- Activity -
Transcribe nothing except the lines below that run from the one with "Toyota Land Cruiser" to the one with "5W Wireless Charging", ends included, and do not copy any picture.

- Study material -
•••

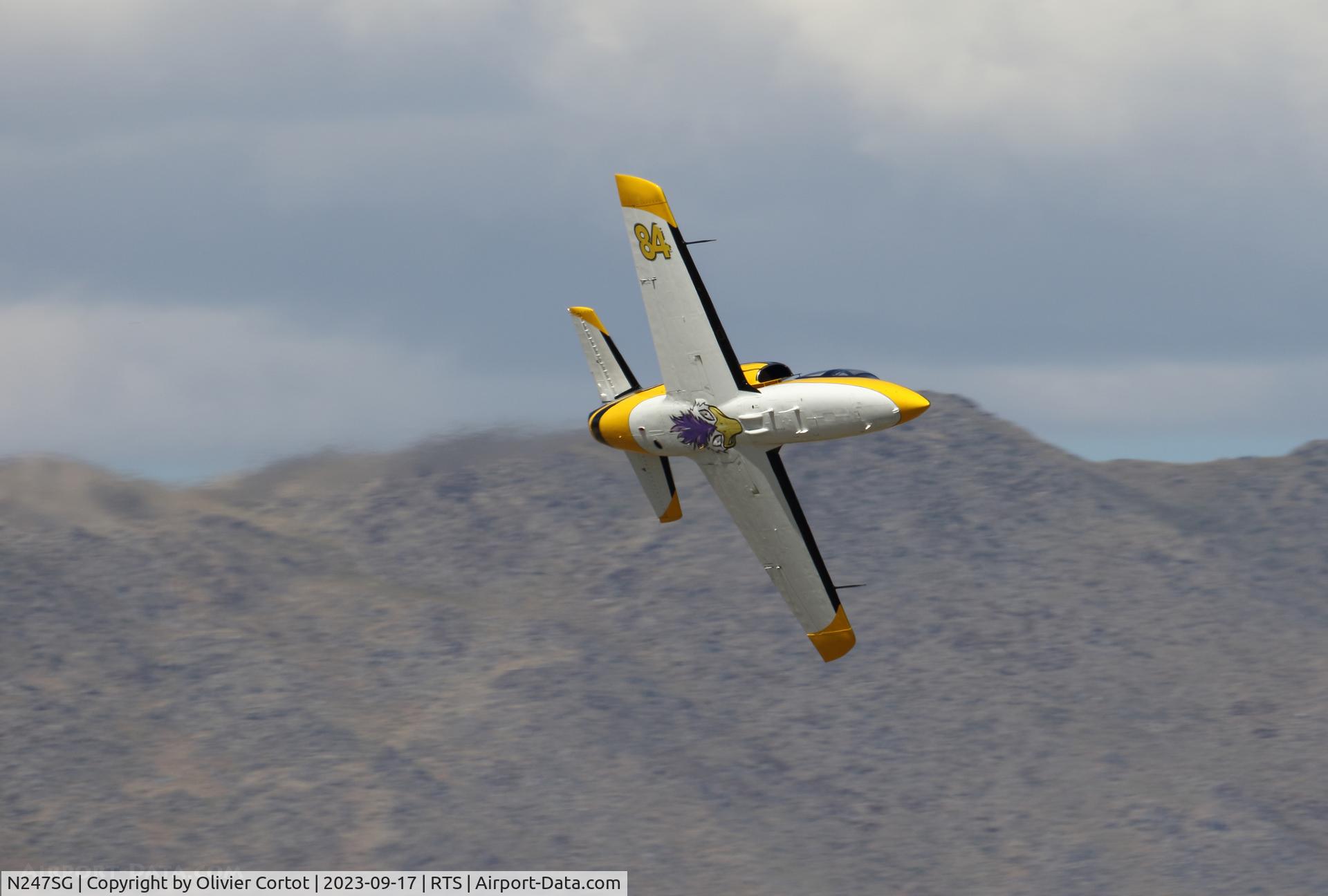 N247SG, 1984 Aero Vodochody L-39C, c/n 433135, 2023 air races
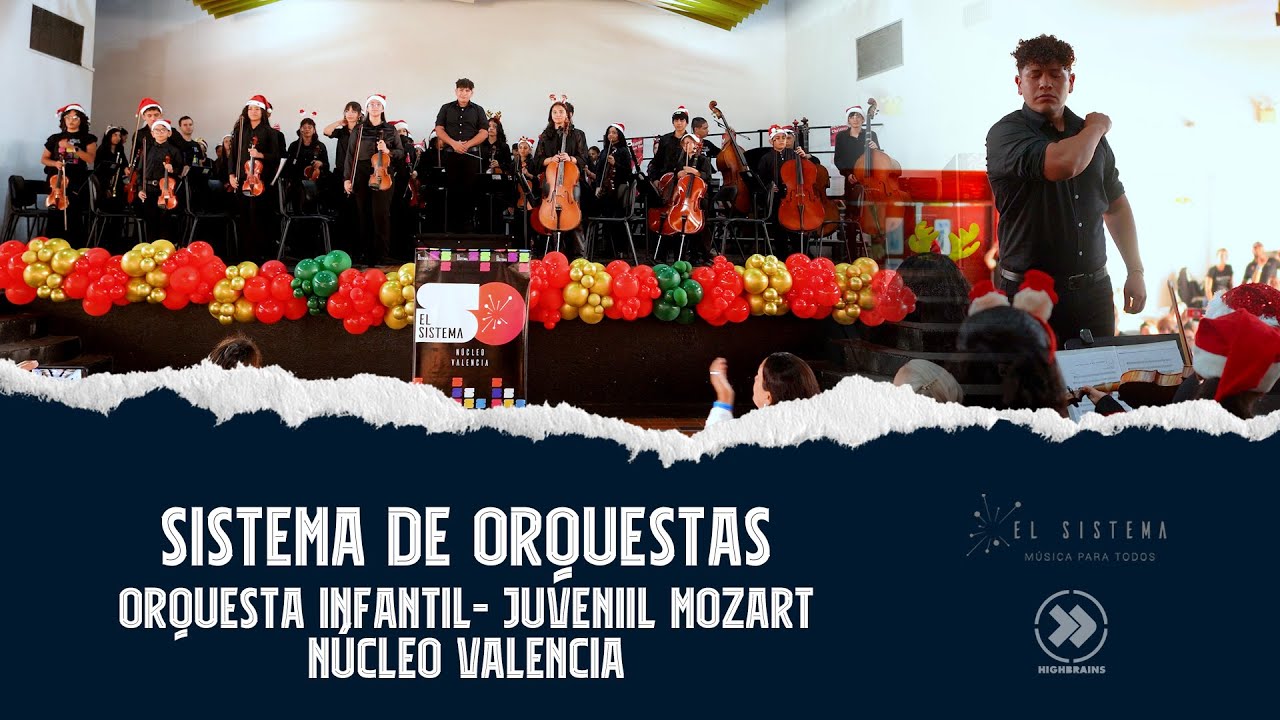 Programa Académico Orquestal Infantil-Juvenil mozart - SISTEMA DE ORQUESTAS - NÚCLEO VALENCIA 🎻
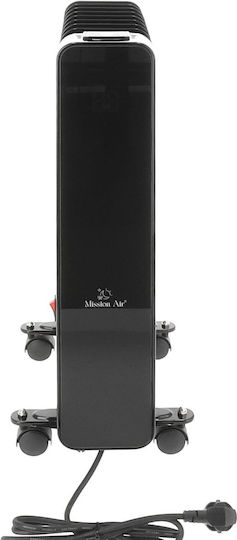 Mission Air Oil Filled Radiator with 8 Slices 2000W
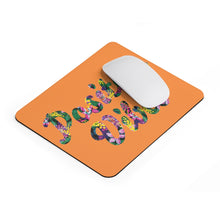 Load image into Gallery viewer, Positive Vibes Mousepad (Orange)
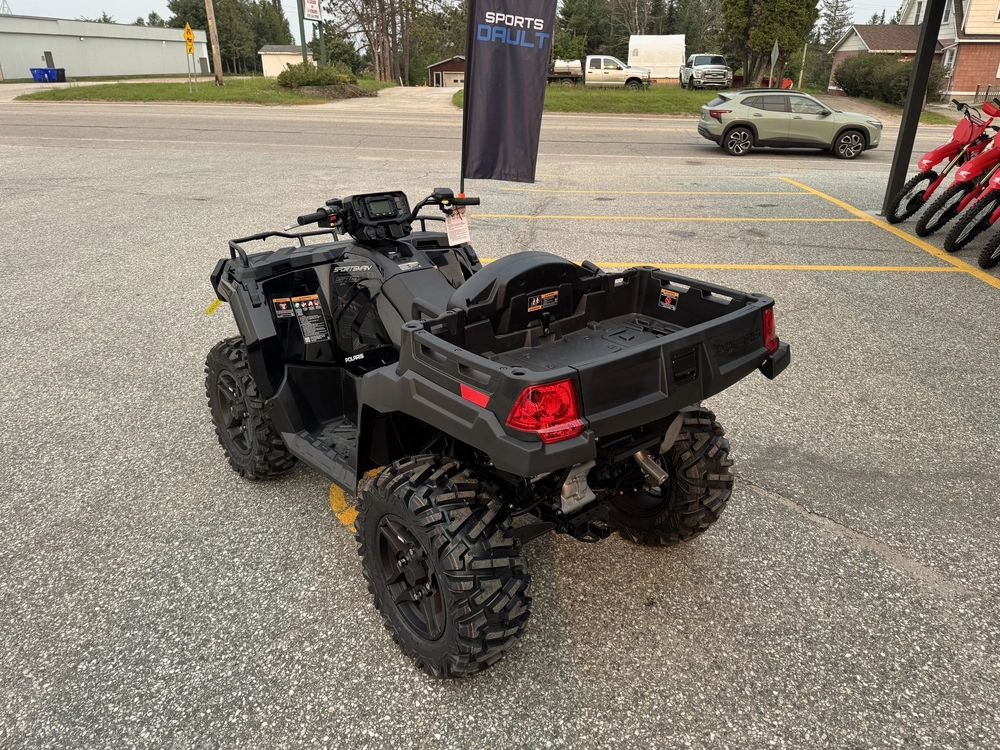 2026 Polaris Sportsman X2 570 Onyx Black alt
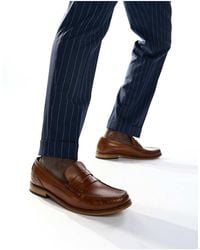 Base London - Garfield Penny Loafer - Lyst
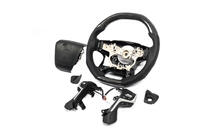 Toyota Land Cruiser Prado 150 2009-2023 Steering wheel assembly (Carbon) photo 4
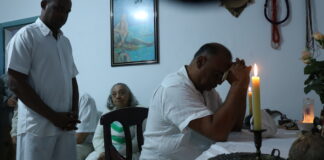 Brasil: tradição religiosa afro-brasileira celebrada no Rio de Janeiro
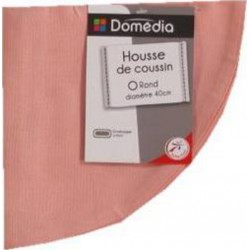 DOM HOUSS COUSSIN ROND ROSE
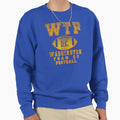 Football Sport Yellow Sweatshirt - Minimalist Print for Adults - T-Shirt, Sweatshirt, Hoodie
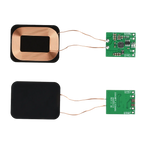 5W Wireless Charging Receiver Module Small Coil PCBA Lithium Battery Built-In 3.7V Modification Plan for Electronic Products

•••

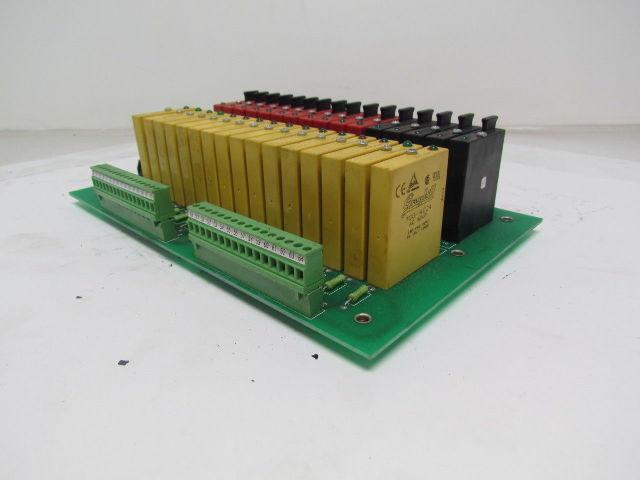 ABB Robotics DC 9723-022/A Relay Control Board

•••

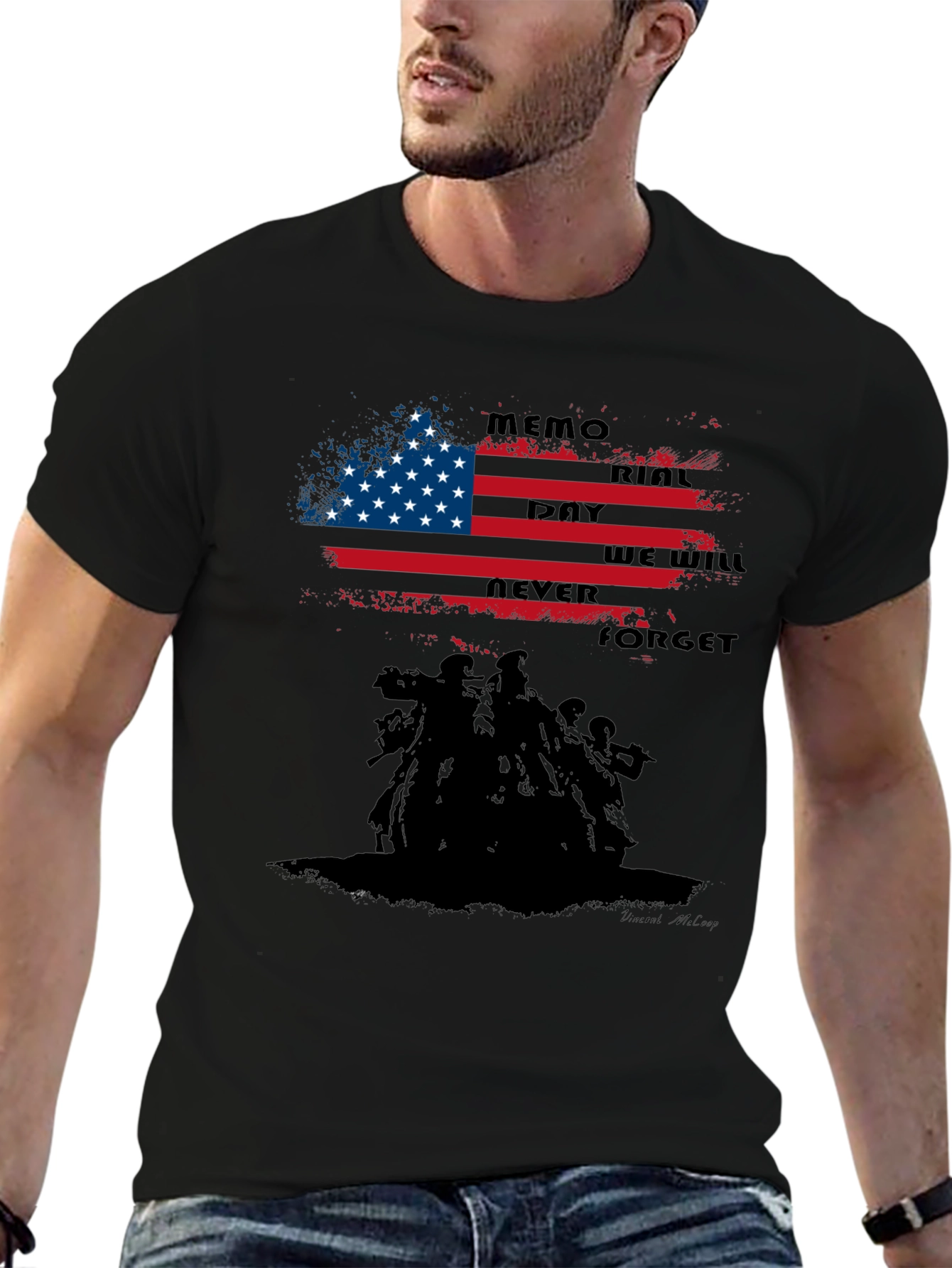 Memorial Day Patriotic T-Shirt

•••

- Response -
 Toyota Land Cruiser Prado 150 2009-2023 Steering wheel assembly (Carbon) photo 4
 Brasil: tradição religiosa afro-brasileira celebrada no Rio de Janeiro
 DOM HOUSS COUSSIN ROND ROSE
 Football Sport Yellow Sweatshirt - Minimalist Print for Adults - T-Shirt, Sweatshirt, Hoodie
 5W Wireless Charging Receiver Module Small Coil PCBA Lithium Battery Built-In 3.7V Modification Plan for Electronic Products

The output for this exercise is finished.